La cuisine et la gastronomie française ont été récemment inscrites au patrimoine immatériel de l'Unesco ; reste désormais à y inscrire la cuisine électorale présidentielle dont la technique nouvelle est en train de s'élaborer sous nos yeux. Sous nos yeux mais à vrai dire aussi sous les yeux des autres puisque le Wall Street Journal se paye apparemment notre tête en intitulant son dernier article consacré à cette question : « Nicolas Le Pen ».
La formule ne manque pas de pertinence, puisque désormais la stratégie du candidat sortant consiste, semble-t-il, non plus à lancer des idées pour voir d'où souffle le vent (la technique du "doigt mouillé" déjà décrite) mais plutôt à faire son marché dans les idées et les propositions des autres candidats. Cette stratégie, "à sauts et gambades" comme disait Montaigne, conduit à une variété surprenante des discours et des orientations, faisant sauter du mariage gay à l'euthanasie en passant par la viande halal et conduisant même à se lancer soudain dans des diatribes contre des accords européens dont on avait affirmé la nécessité voire l'excellence avec force des années durant.
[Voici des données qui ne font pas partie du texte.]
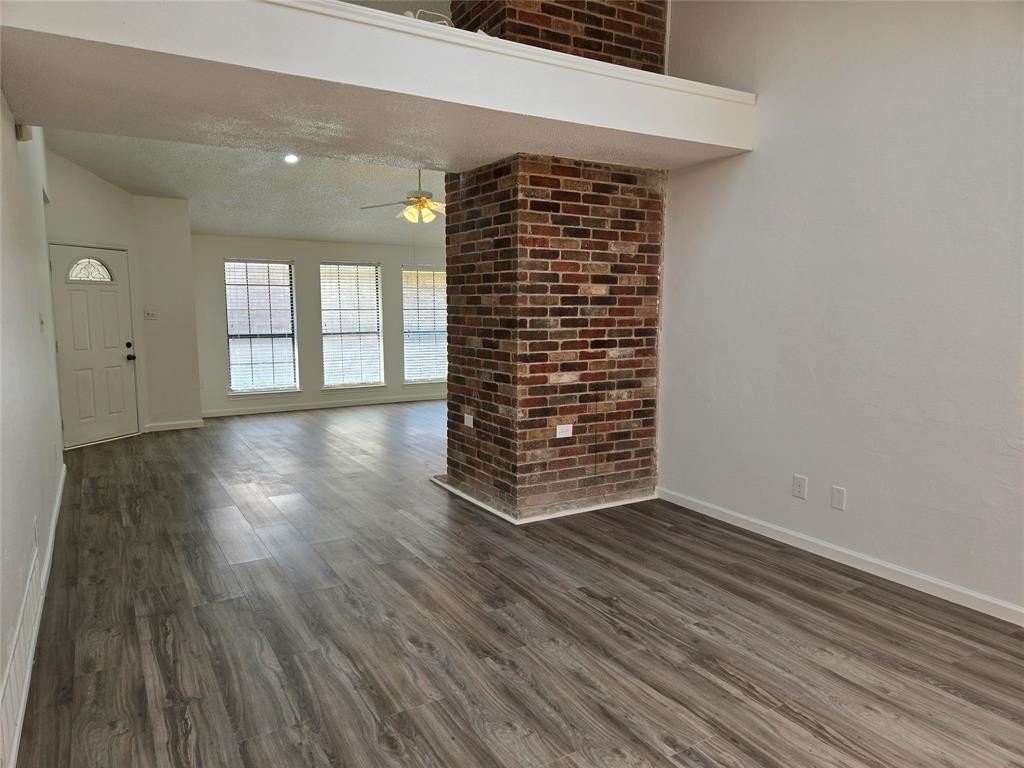 3032 Big Oaks Dr - Photo 4 of 38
La cuisine électorale devient ainsi des plus éclectiques et il faut reconnaître que le cheminement des "idées" n'est pas simple à suivre.
Si l'on ajoute à cela les annonces contradictoires des instituts de sondages, l'électeur est complètement perdu.
En effet, à la différence des candidats qui reprennent les idées des autres pour les faire leurs, les sondeurs ont des stratégies inverses. A peine l'un d'entre eux a placé en tête le candidat sortant pour la première fois, en parvenant à réaliser, avec adresse et fort opportunément, « le croisement des courbes", comme on dit dans ce milieu (Sarkozy y est désormais un point et demi avant Hollande), que le même jour un sondeur concurrent place le premier quatre points derrière le second et détruit instantanément par là les espoirs que commençait à faire naître le premier sondage.
De toute façon, comme l'empan statistique prévisionnel (la formule est mienne!), selon les modes de calcul des instituts de sondage, est de QUATRE points (2 + 2), on ne risque rien, au point de vue scientifique et déontologique, en jonglant, à sa guise et/ou sur commande, au sein de cet empan!
Les "Guignols de l'Info" sur Canal+ ont réalisé, hier, pour la première fois depuis longtemps, un très joli numéro de parodie à la suite du premier sondage qui, pour la première fois, avait placé en tête Nicolas Sarkozy devant François Hollande. On y voyait réunies trois marionnettes censées représenter l'institut en cause et préparant les résultats du dit sondage. Je n'ai pas identifié la troisième marionnette mais la première était Laurence Parisot, la patronne du MEDEF (organisme du patronat pour les nobles lecteurs étrangers!), vice-présidente de l'institut en cause et Jean-Pierre Elkabbach qui dans son enthousiasme pro-gouvernemental entendait attribuer au candidat président sortant un score tel que Laurence Parisot était obligée de le modérer en lui promettant de faire mieux la fois suivante. Le troisième personnage était probablement l'un des dirigeants de cet institut, lui-même désigné, selon Wikipédia, par Laurence Parisot elle-même.
Autant dire que tous ces résultats et toute la cuisine elle-même sont, en fait,sans mystère!